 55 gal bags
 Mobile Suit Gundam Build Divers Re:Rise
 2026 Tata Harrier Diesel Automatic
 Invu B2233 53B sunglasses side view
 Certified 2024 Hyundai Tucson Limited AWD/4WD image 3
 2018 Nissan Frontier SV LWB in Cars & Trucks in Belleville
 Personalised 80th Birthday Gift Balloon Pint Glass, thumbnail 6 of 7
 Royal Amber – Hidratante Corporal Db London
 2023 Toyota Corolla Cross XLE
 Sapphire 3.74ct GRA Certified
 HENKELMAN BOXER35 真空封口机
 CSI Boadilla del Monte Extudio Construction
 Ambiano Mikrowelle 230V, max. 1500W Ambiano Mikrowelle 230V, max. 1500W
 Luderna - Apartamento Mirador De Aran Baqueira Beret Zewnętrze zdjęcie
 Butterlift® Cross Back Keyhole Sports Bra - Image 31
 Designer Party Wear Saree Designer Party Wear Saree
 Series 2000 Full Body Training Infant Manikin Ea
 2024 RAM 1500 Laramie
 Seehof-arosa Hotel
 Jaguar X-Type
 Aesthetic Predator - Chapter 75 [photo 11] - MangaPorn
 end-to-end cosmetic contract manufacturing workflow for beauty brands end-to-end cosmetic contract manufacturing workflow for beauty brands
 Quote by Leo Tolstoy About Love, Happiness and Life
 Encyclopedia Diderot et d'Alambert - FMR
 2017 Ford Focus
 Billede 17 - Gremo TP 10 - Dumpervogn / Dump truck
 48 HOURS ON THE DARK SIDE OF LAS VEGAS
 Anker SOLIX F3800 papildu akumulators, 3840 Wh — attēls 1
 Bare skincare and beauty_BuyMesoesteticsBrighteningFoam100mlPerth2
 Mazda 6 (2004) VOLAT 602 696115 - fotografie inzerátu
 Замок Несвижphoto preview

• **Exercise requirements**:
Go through the data line by line and work out how many lines contain "Cross". Give only that number.

• **Result**:
2